Note that there was a tie for the National League Pitching Ace Award. Actually, Magee would have won the award if his HR/9 was a "pure" zero. He gave up 1 home run while O'Dwyer gave up none (it's 1906 in my game). The spreadsheet usually wouldn't show it - I calculated and entered three-decimal fractions for two guys who were showing "0.0" in the OOTPB report - but Magee's HR/9 was 0.025 and that one home run cost him the award, it was that close.
As time goes on, I will not have to deal with such minute numbers for HR/9 but this time, every decimal place counted. As it was, since they tied, I gave the award to O'Dwyer for his historic 30-game win season.
Feel free to pick this apart. I'm sure it's subject to all sorts of criticisms but I like it because it takes WAR out of the equation.
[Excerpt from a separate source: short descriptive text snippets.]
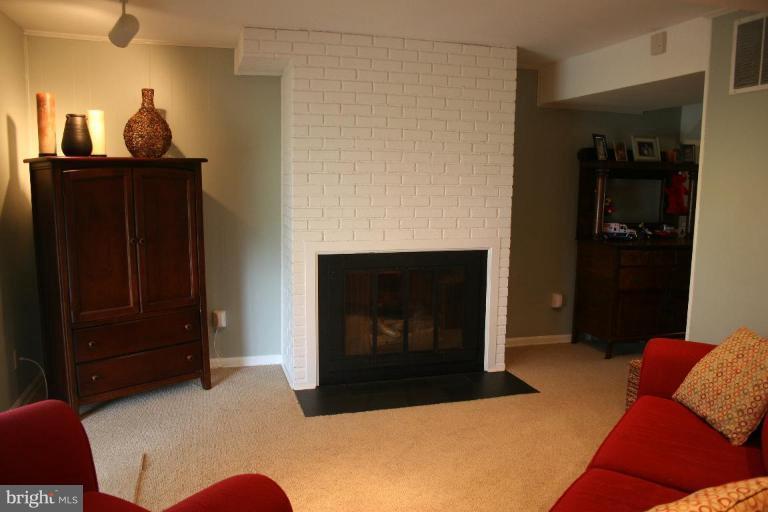 7200 Racepoint Way Alexandria, VA 22315 - Photo 22 of 29 Gas Fireplace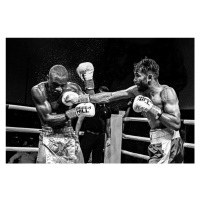 Fotografie Boxing, Reza Mohammadi, 40x26.7 cm
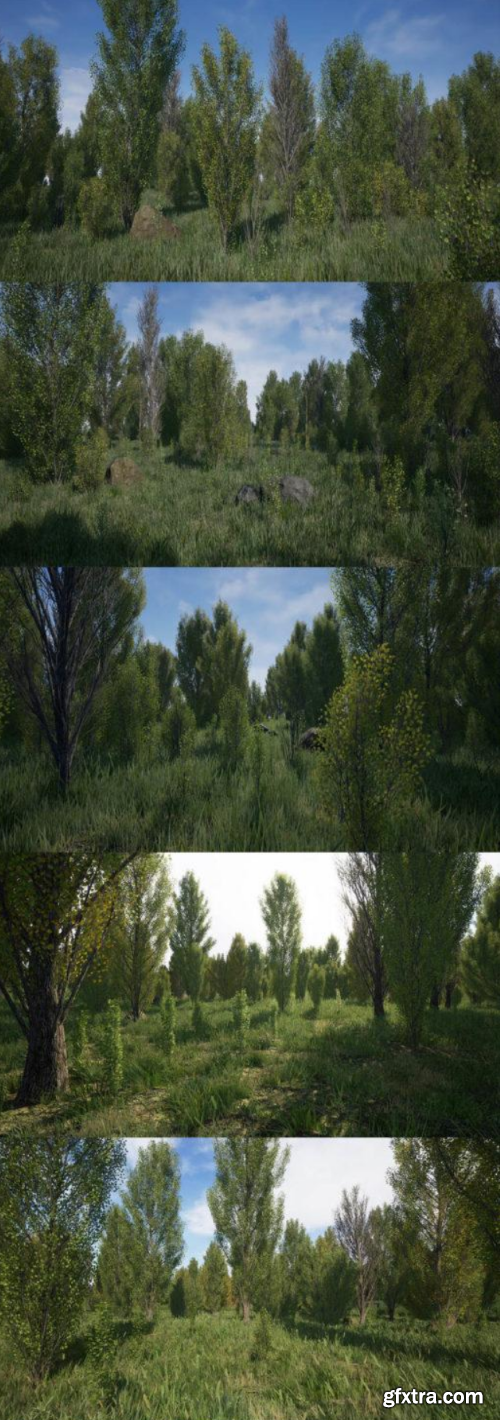 Unreal Engine - Poplars Pack (Populus Rigra f. Pyramidalis)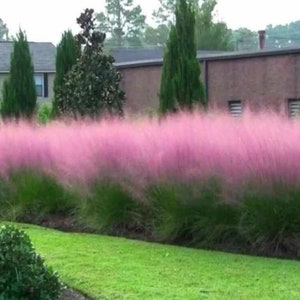 Pink Muhly Grass Seeds, Perennial Muhlenbergia Capillaris  MU0130R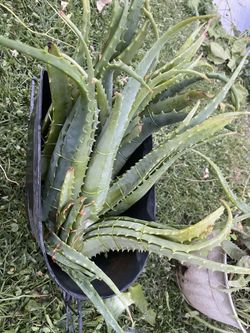 Aloe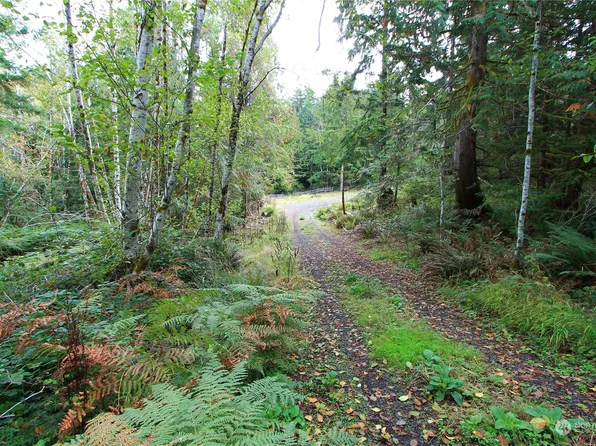 211 N Hamma Ridge Drive, Lilliwaup, WA 98555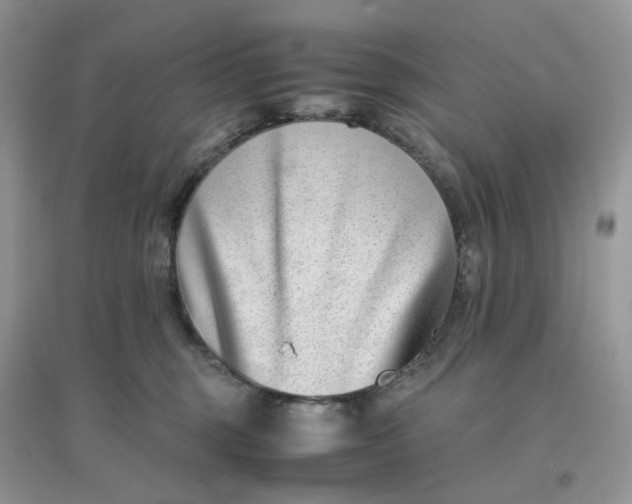 X0000096160375200802011301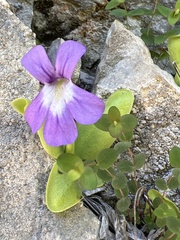 Pinguicula longifolia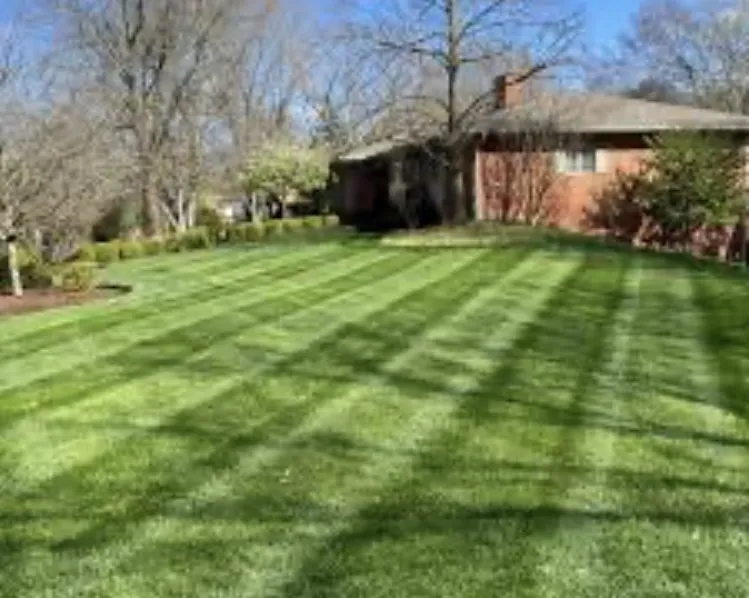 Affordable residential landscaping for year-round maintenance across South Bend, IN - Lakeshore Mowing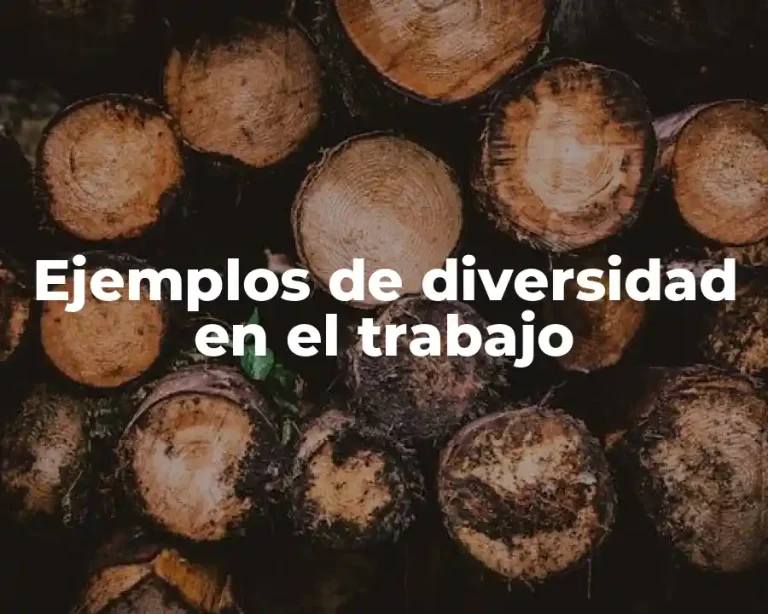 Ejemplos de diversidad en el trabajo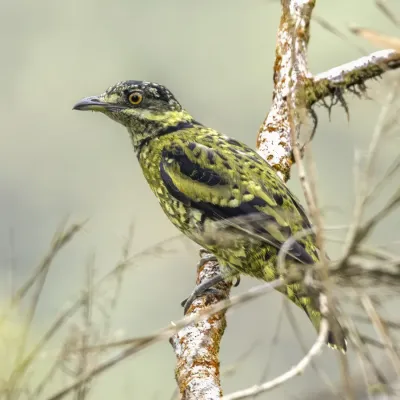 File:Scaled fruiteater (Ampelioides tschudii) La Tangaras.jpg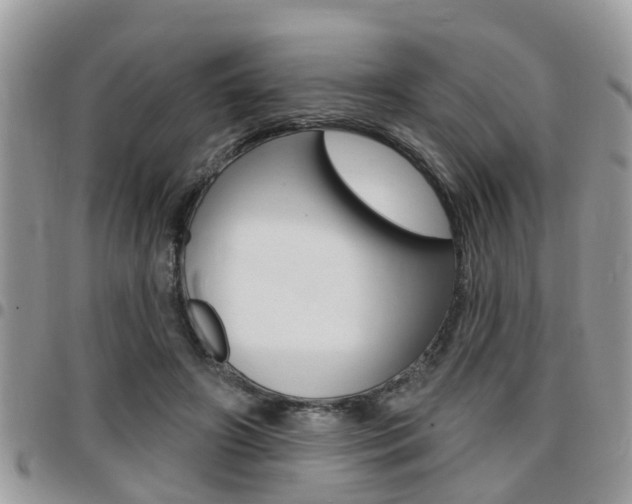 X0000096150498200801180832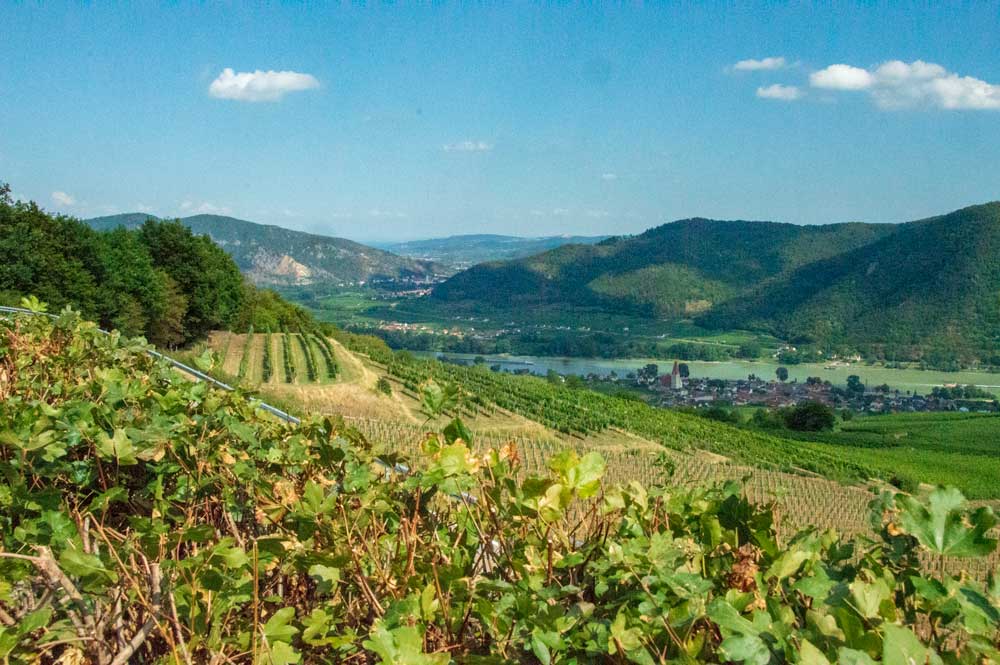 Übersicht Niederösterreich - In der Wachau Bild: Gottfried Pattermann
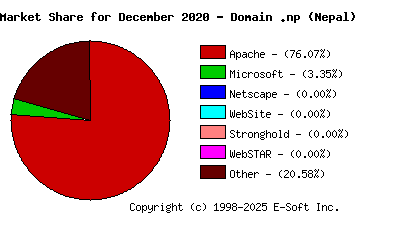 January 1st, 2021 Market Share Pie Chart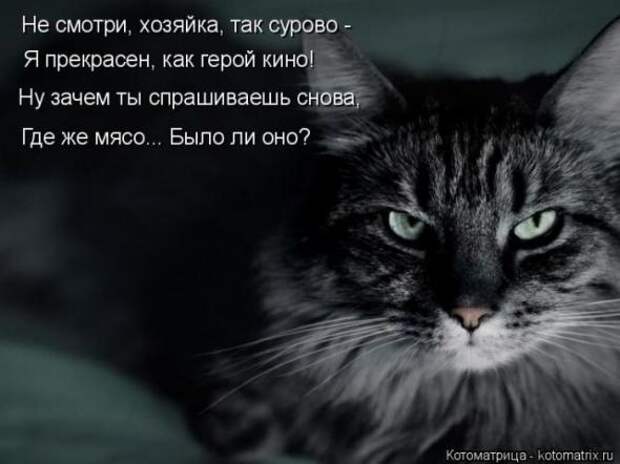 Котоматрицы(картинки с надписями)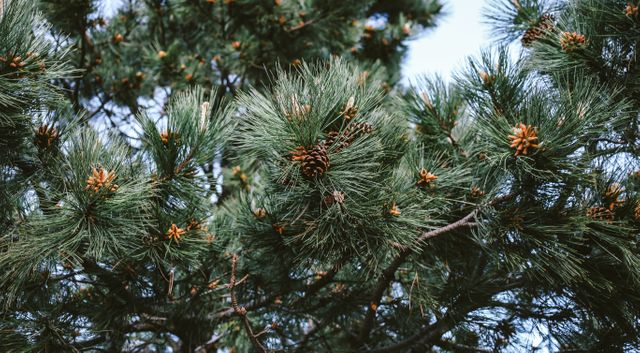 Pine tree branches with pinecones captured in a natural outdoor environment. Ideal for depicting nature, outdoor lifestyle, environmental themes, and forestry projects. Suitable for use in print, web design, posters, and educational materials.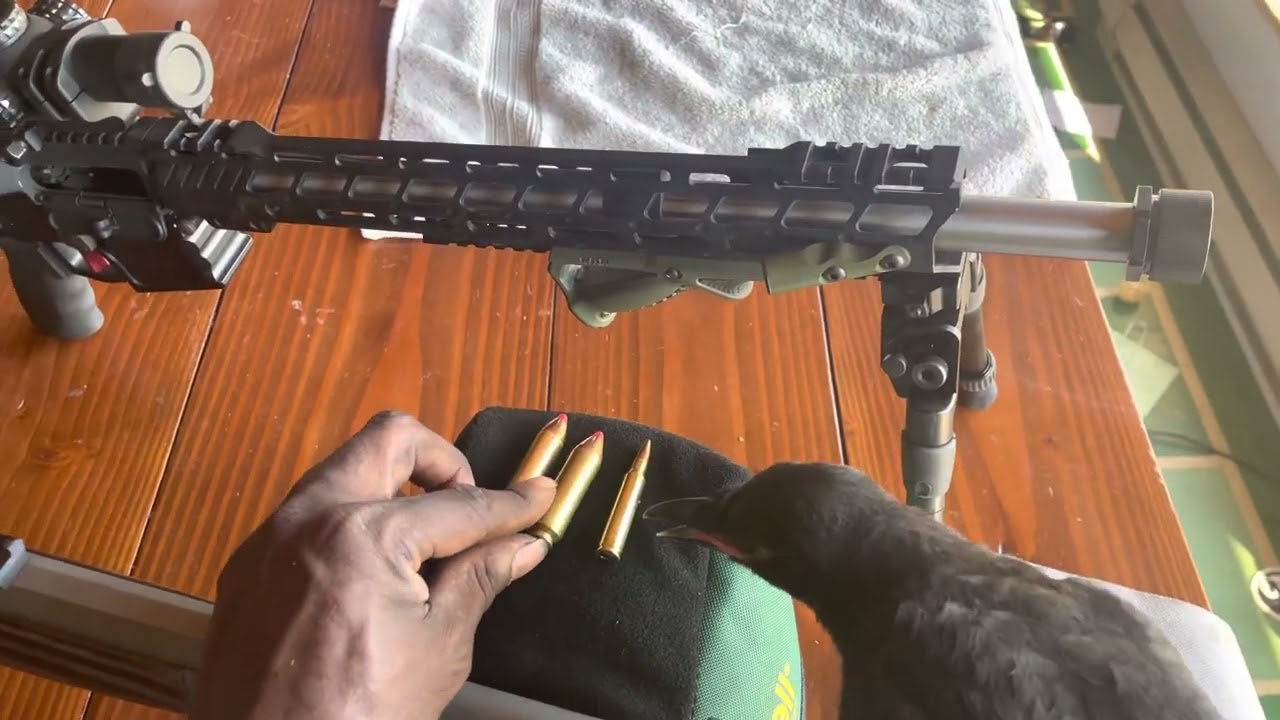 Bowers Group, LLC silencers: I can now swap my VERS 50 suppressor between my 50 Beowulf and 45-70.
I am not relying on the game to even present the candidates, much less choose the award for me. The game can do other awards on its own, subject to my review, but these "Big Two" deserve the spreadsheet approach. Fortunately, the data can be exported from customized views, copied, and pasted here.
While I will not be responding to commentary, I would be interested to see how other people handle this type of thing with spreadsheets. Please feel free to share your own methods.